When there are only two blocks, ADMM has been shown (e.g., [14]) to have an ergodic O(1 / t) convergence rate. If there are no coupled functions, (3.13) and (3.18a) both indicate that we can choose \(\hat{P}=\rho _x A^\top A, \hat{Q}=\rho _y B^\top B\) if \(\theta =1\), i.e., all x and y blocks are selected.
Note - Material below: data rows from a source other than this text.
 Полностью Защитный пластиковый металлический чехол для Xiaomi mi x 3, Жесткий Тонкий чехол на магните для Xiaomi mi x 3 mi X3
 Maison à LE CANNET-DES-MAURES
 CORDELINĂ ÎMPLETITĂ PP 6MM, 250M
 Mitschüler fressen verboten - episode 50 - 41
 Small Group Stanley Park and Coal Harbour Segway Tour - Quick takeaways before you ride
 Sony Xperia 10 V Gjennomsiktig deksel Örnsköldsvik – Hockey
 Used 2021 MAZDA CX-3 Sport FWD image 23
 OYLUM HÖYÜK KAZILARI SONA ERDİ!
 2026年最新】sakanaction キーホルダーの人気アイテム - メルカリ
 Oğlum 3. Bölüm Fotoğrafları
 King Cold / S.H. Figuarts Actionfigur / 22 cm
Thus, according to (2.15), we can set \(P^k=0, Q^k=0, \,\forall k\), in which case Algorithm 1 reduces to the classic 2-block ADMM. Hence, our results in Theorems 3.7 and 3.8 both recover the ergodic O(1 / t) convergence rate of ADMM for two-block convex optimization problems.
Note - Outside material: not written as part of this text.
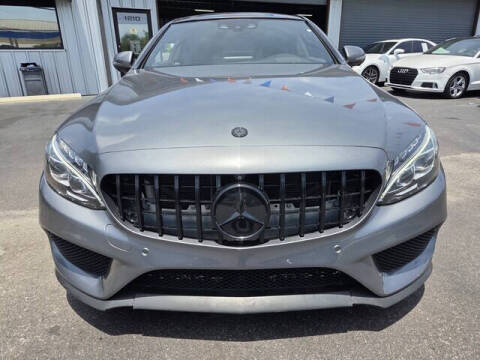 2017 Mercedes-Benz C-Class C 300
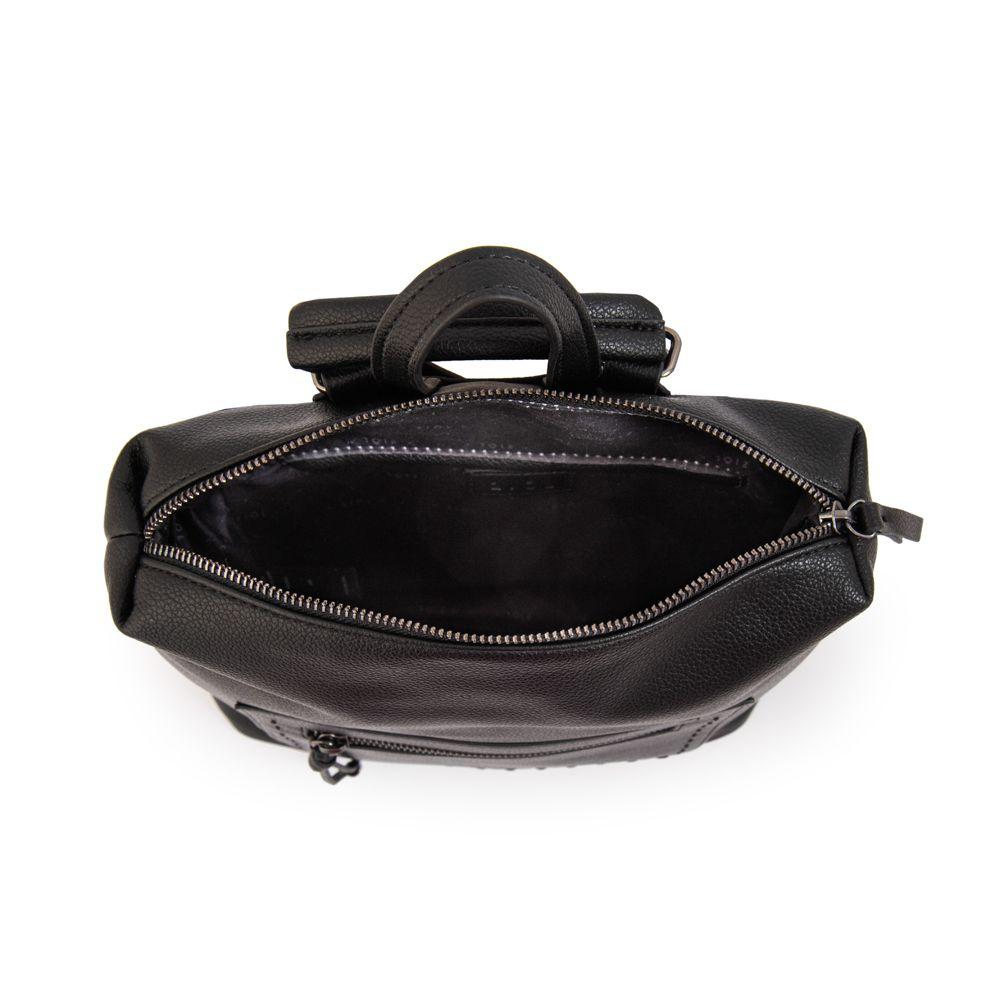 Mochila ingrid mediana negro-3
6.4 Proximal Jacobian Parallel ADMM

In [20], the proximal Jacobian parallel ADMM (Prox-JADMM) was proposed to solve the linearly constrained multi-block separable convex optimization model

$$\begin{aligned} \min _x \sum _{i=1}^N u_i(x_i), \text{ s.t. } \sum _{i=1}^N A_i x_i=b. \end{aligned}$$
(6.3)

At each iteration, the Prox-JADMM performs the updates for \(i=1,\cdots ,n\) in parallel:

$$\begin{aligned} x_i^{k+1}={\mathop {{{\,\mathrm{arg\,min}\,}}}\limits _{x_i}}\, u_i(x_i)-\langle \lambda ^k, A_ix_i\rangle +\frac{\rho }{2}\big \Vert A_ix_i+\sum _{j\ne i}A_jx_j^k-b\big \Vert _2^2+\frac{1}{2}\Vert x_i-x_i^k\Vert _{P_i}^2, \end{aligned}$$
(6.4)

and then updates the multiplier by

$$\begin{aligned} \lambda ^{k+1}=\lambda ^k-\gamma \rho \left( \sum _{i=1}^N A_ix_i^{k+1}-b\right) , \end{aligned}$$
(6.5)

where \(P_i\succ 0,\forall i\) and \(\gamma >0\) is a damping parameter. By choosing appropriate parameters, [20] established convergence rate of order 1 / t based on norm square of the difference of two consecutive iterates.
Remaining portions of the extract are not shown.